Skill systems are sometimes a good idea
Last year I wrote that skill systems aren't always a good idea. That piece primarily advocates the old-school approach to handling character interaction with the environment, in which the players' descriptions of what their characters try to do determines what they find, rather than the result of a roll. Since I wrote that I've left behind the D&D ghetto[1. "D&D ghetto" isn't supposed to be derogatory in this use, just descriptive. mxyzplk describes the D&D ghetto well and fairly: "It’s the only game they know, or the only game they’ve played, or the only game they can find a group to play. ... As a result, many different groups try to get their favorite jones – deep immersion, or gritty realism, or cinematic cool, or gamist challenge – using it." The upshot is that many people "know" that D&D does their play style just fine and can't imagine it being flawed, or that there could be any point to using any other system. I know—I speak from experience!] and have used different systems, most of which include skill systems. Many of these I've enjoyed, and I've found that the inclusion of perception- or search-type skills haven't harmed the immersion I aim for or dissuaded players from creatively interacting with the environment. I wasn't able to put my finger on the difference between "bad" uses of skill systems and "good" uses, and it's been nagging at me for a while.

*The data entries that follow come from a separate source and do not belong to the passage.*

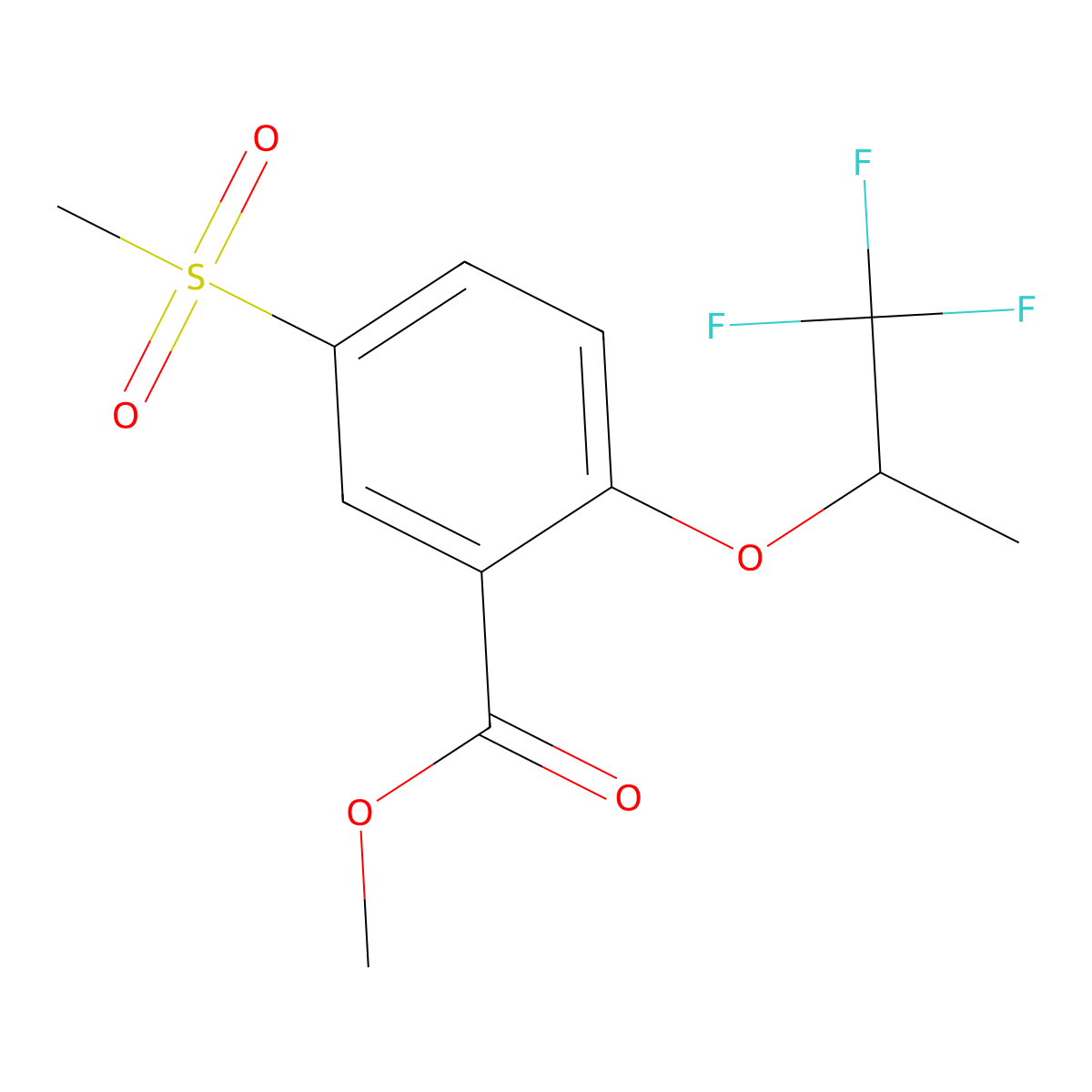5-Methylsulfonyl-2-(2,2,2-trifluoro-1-methylethoxy)benzoic acid methyl ester molecular structure, CAS 845617-19-8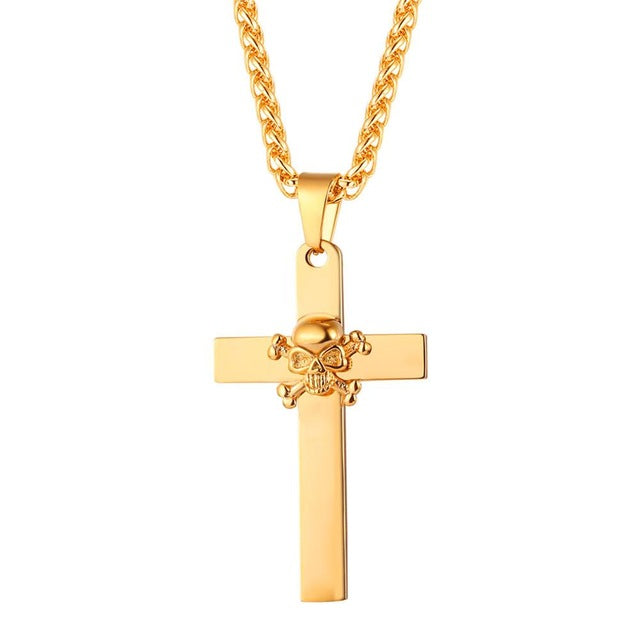 Stainless Steel Skeleton Pirate Cross Pendant & Chain Necklace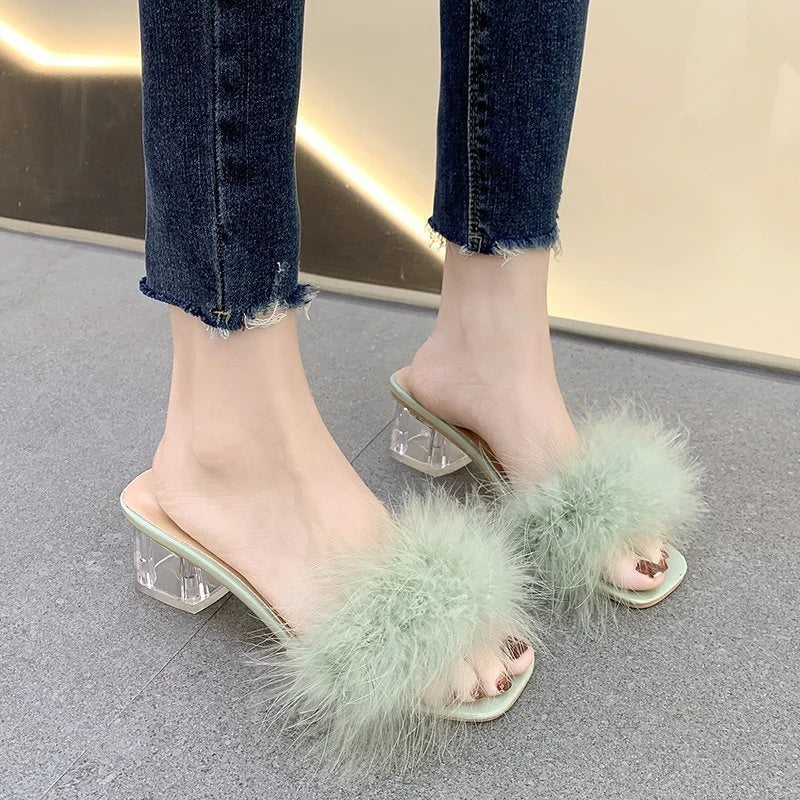 Fox Fur Chunky Flip Flops Sexy Home Slipper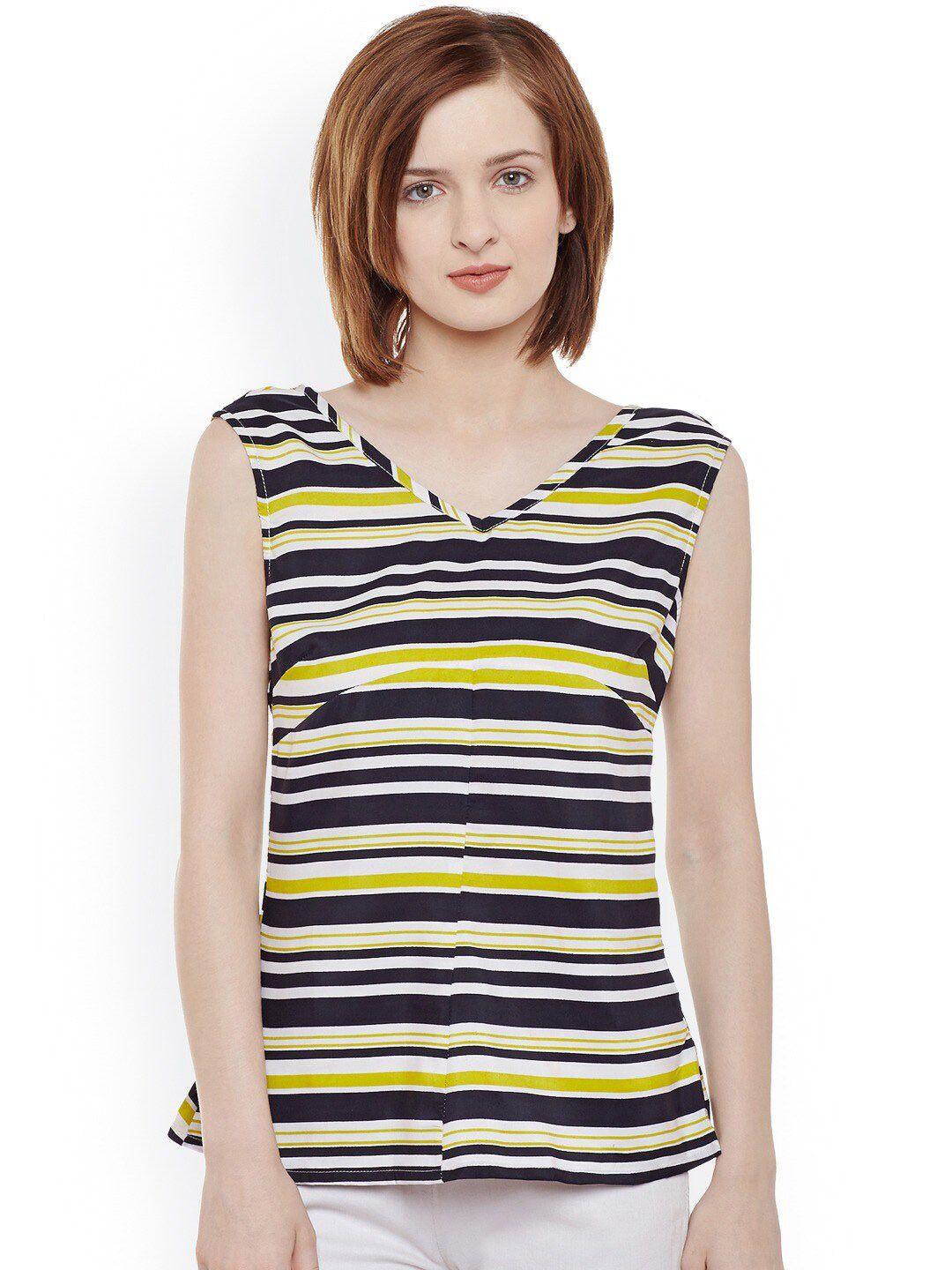 baesd horizontal striped v-neck regular top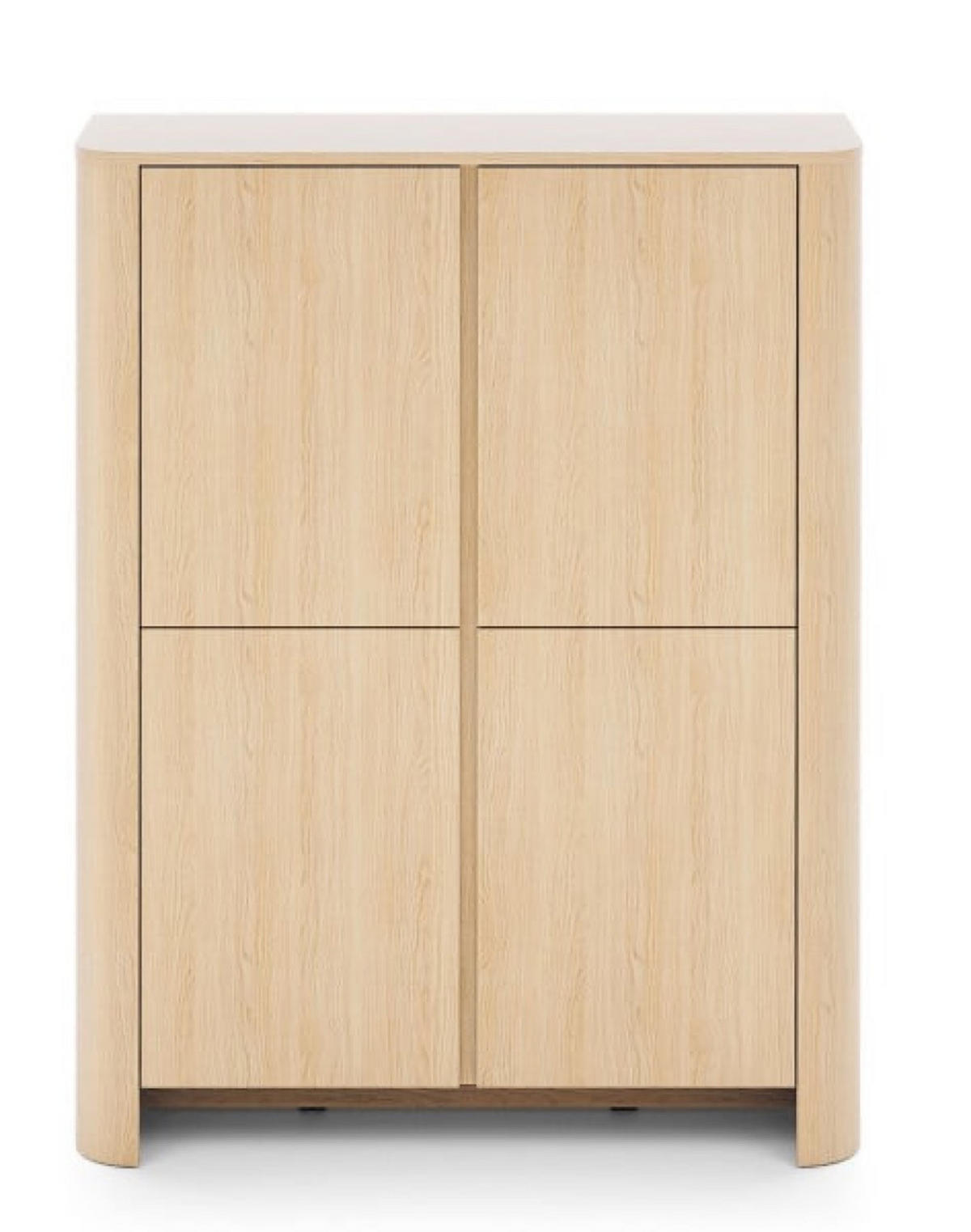 KOMMODE Vincenza Eiche Hoch Vier Türen Mit Geräumigen Regalen - Beige, Holzwerkstoff (103/132/39cm) - Sepro Meble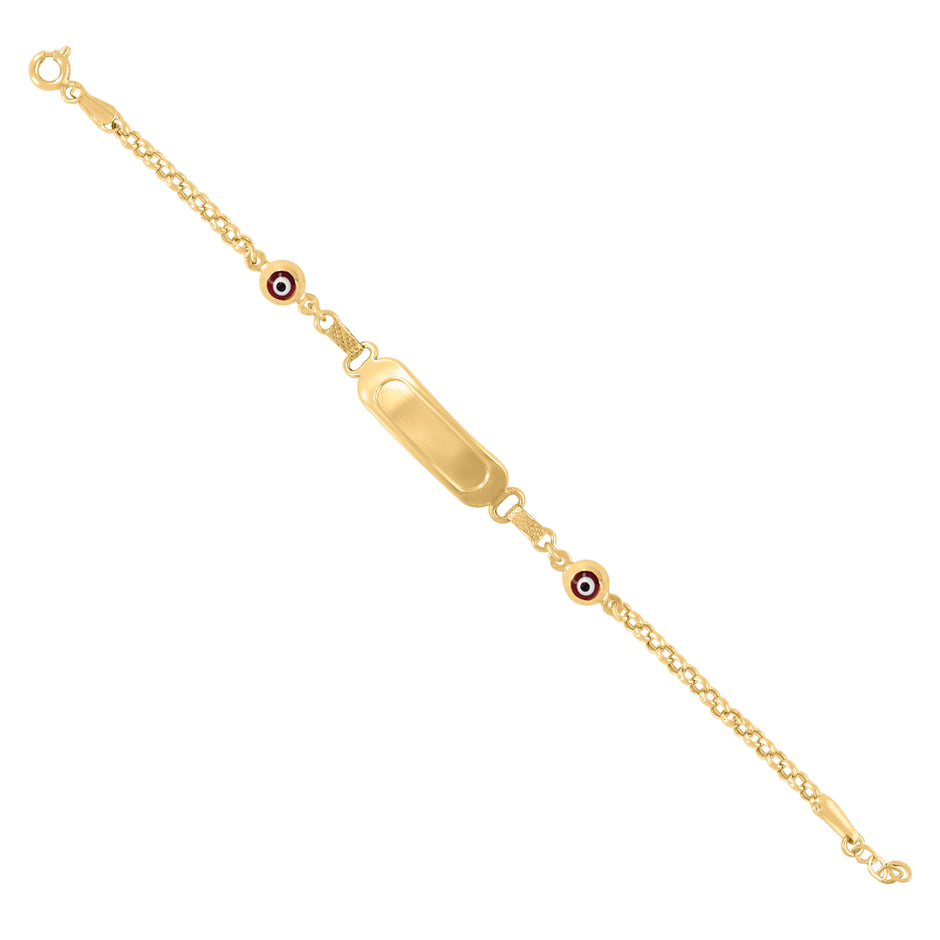 10kt Yellow Gold Womens Enamel Evil Eye Good Luck ID Bracelet Size 6 Inches 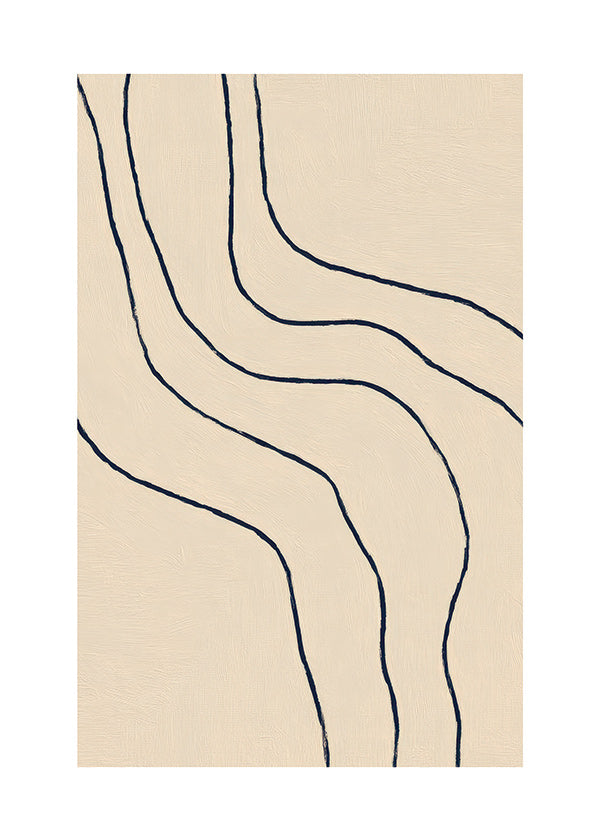 Cuadro minimalista con trazos orgánicos en beige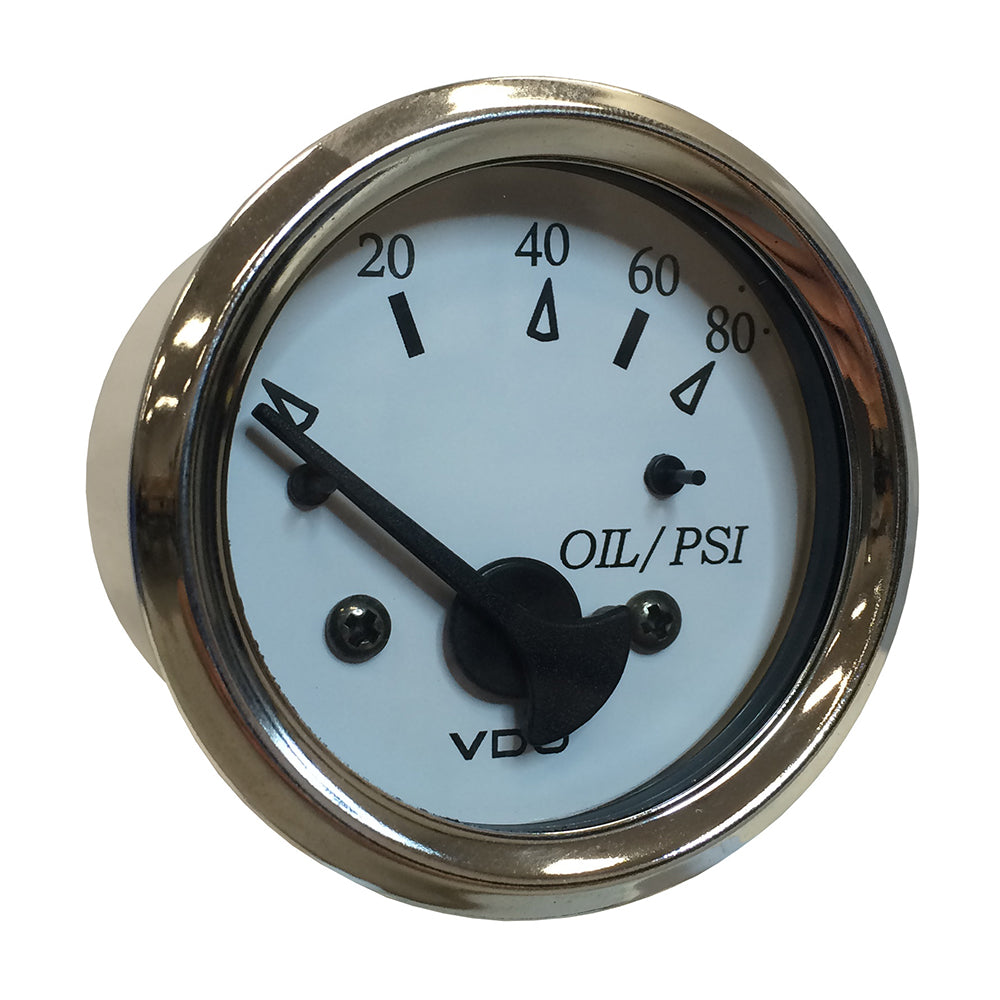 VDO Cockpit Marine 52MM (2-1/16&quot;) Oil Pressure Gauge - White Dial/Chrome Bezel [350-15276]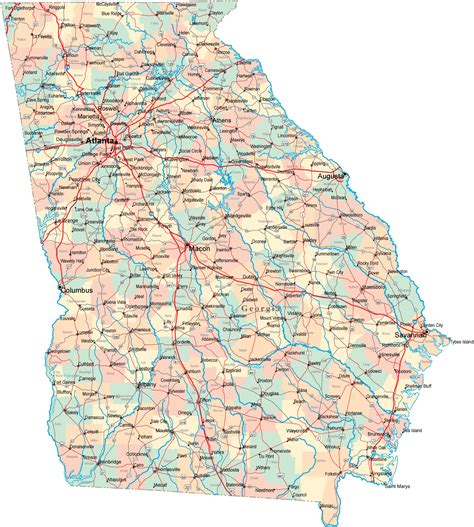 map of georgia - America Maps - Map Pictures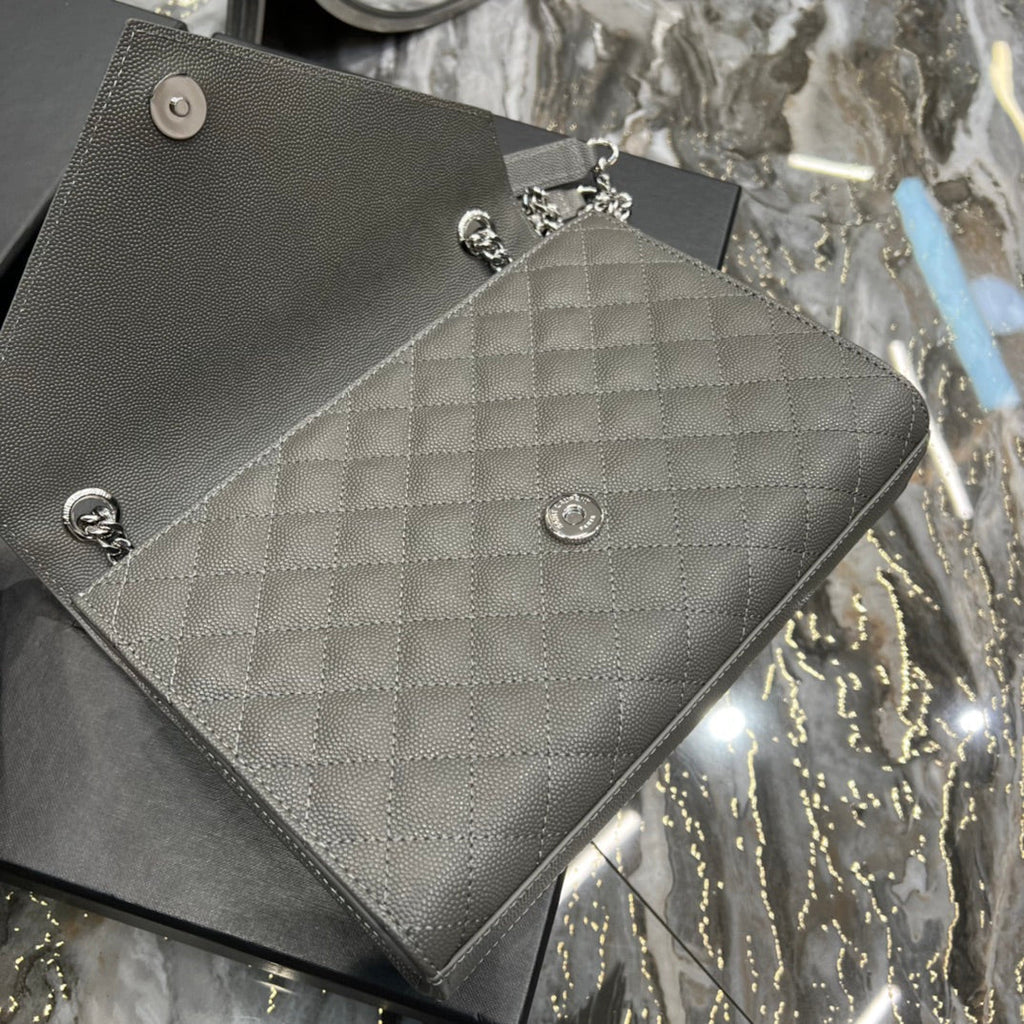 Top Quality Envelope MeTop Qualityum Chain Bag Dark Grey For Women, Women’s Bags 9.4in/24cm YSL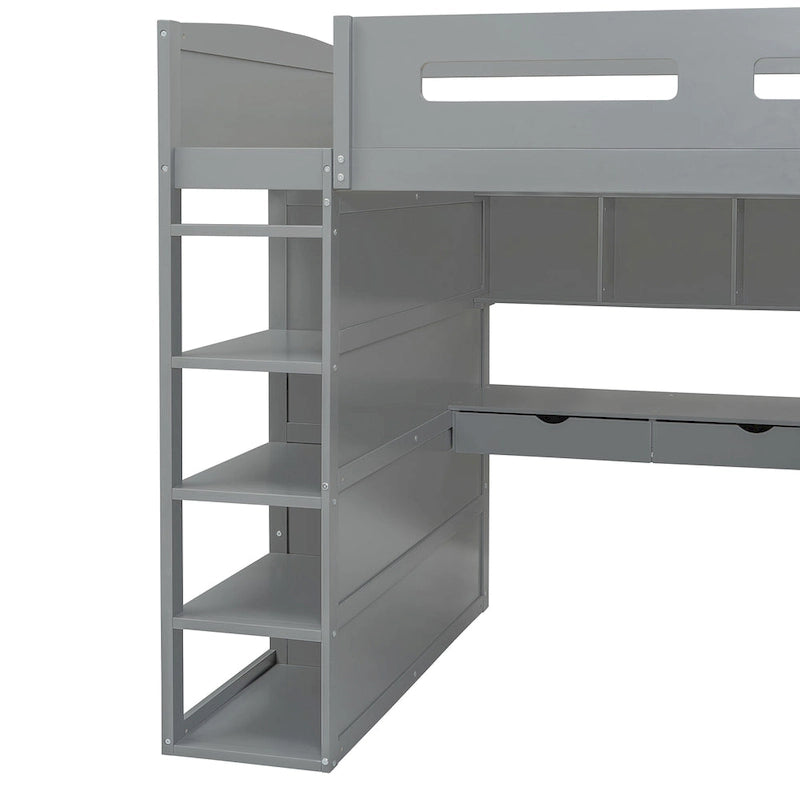 Gray Full Size Solid Wood Loft Bed with Desk, Wardrobes and Shelves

Randall's post Old School Gaming and Skills at the RetroRoleplaying Blog made me realise what the difference is. The key is what I call a "fiction first"[1. The term "fiction first" is clumsy. Coming up with pithy names has never been my strength, but I haven't been able to find an established term for it. If anyone knows of a good set of terms for games that use the mechanics to represent the fiction, and games that treat the mechanics as the "physics" that determines the fiction, I'd love to read about it.] approach to gameplay: the player describes what their character is doing in ficitonal terms, and only then does the GM call for an appropriate check. The difference between old-school play with and without skills is just in how the GM follows-up the player's narration. In a system with skills, a skill roll can be used to decide where the game goes next; in a system without skills, the GM follows up with additional information, and questions that refine how the character proceeds in their intent.
What made it click for me is that defining the fictional actions first, and only then figuring out what skill(s) to use and how hard it will be, is a central and system-critical feature of how the Burning Wheel's skill system functions. I realise now that much of the "bookkeeping" feel of my last session of Burning Wheel was due to my missing this point. We didn't tend to describe the really high-level events of that session that spanned months, instead just figuring out what the next step in the plan was and sorting out the mechanics to get it done. It felt like bookkeeping sometimes because at those points we were just handling mechanics without any related narration. Although it's not an old-school system, the danger that skipping narrative opportunities presents is the same in that it relies on the narrative just as much—if in a different way—than old-school play does.